Debe de estar todavía mi ficha de cartón entre los archivos del Instituto Alemán de Granada. En ella, la fotografía en blanco y negro de un joven profesor de Derecho habrá cobrado, seguramente, una justa pátina como corresponde al hecho de que fue a mediados de los 80 cuando empecé mis primeros escarceos con el idioma de Goethe. No era mucho mayor que yo el hoy ya jubilado profesor Ludwig Schwarz, con quien fui descubriendo que se podían pronunciar y entender aquellas palabras que, merced a un profuso hilvanado de consonantes, parecían inexpugnables a los ojos de un español con conocimientos de francés y algo de latín.
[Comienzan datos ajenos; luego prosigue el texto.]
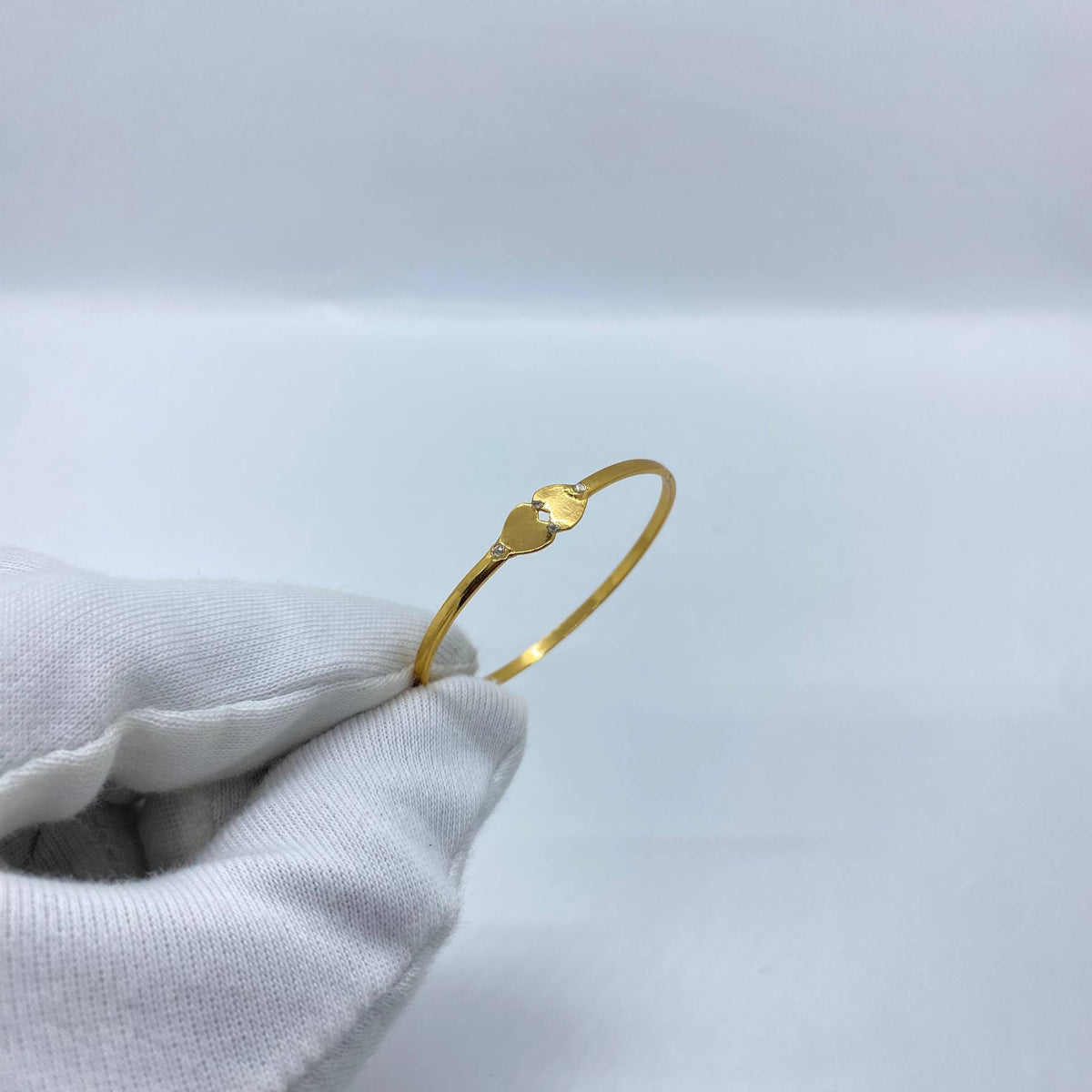 Double Heart Gold Bangle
Aquel mismo verano me subí con dos amigos al tren sin urgencia por llegar a nuestro objetivo, como si quisiéramos medir realmente, de una manera físicamente comprensible, la distancia que separa la Alhambra del Palacio del Belvedere en Viena. El habla, en Austria, ni mejor ni peor, no suena exactamente como se escucha en las clases de alemán. Es algo que cualquier andaluz asume con naturalidad y hasta casi con deportiva camaradería, pero no deja de tener su intríngulis. Y en el taxi que tomamos desde la Südbahnhof (Estación Sur, que ya no existe) hasta el Hotel Mozart tuve mi primer contacto de plena inmersión con el idioma alemán que, afrontando el gracioso deje meridional, se saldó con cierto éxito. Sobre todo por parte del taxista, que se esforzó en mutarse en parroquiano de Hamburgo.
La dificultad mayor surgió cuando se trataba de entender el sonido procedente de unos altavoces en un entorno retumbante emitiendo las expresiones propias de las instrucciones del transporte suburbano. Empezó en la parada de metro de Friedensbrücke y no se me olvidará jamás. Me sentí desvalido, sin el bueno de Ludwig para echarme una mano, tratando de agrandar las orejas ante aquellos sonidos y aquellas expresiones. Y yo era, de los tres camaradas, el único «experto».
La lección fue magnífica, pues poco a poco fui discriminando y localizando aquellos sonidos hasta completar, con la ayuda última e inestimable de la amable recepcionista del hotel, el puzle necesario para viajar con una aceptable tranquilidad por los recorridos que horadan el subsuelo de la ciudad imperial. He vuelto varias veces a Viena, y he viajado a diferentes ciudades alemanas, y siempre, cuando desciendo al metro, no puedo evitar recordar aquel mi primer encuentro con frases tan importantísimas como: Nächster Halt: Schottenring (Próxima parada: Schottenring); Ausstieg in Fahrtrichtung rechts (Salida por la derecha del vagón en el sentido de la marcha) o Zurückbleiben, bitte! (Quédese atrás – ya no suba al vagón).
Pero sobre todo, para que un despistado no se quede súbitamente en una inquietante y melancólica soledad, que se puede saldar con un poco ventajoso encuentro con el controlador, conviene por fin saber descifrar el último de los mensajes posibles en el recorrido: Endstation, alle bitte aussteigen! (Estación final, baje, por favor, todo el mundo).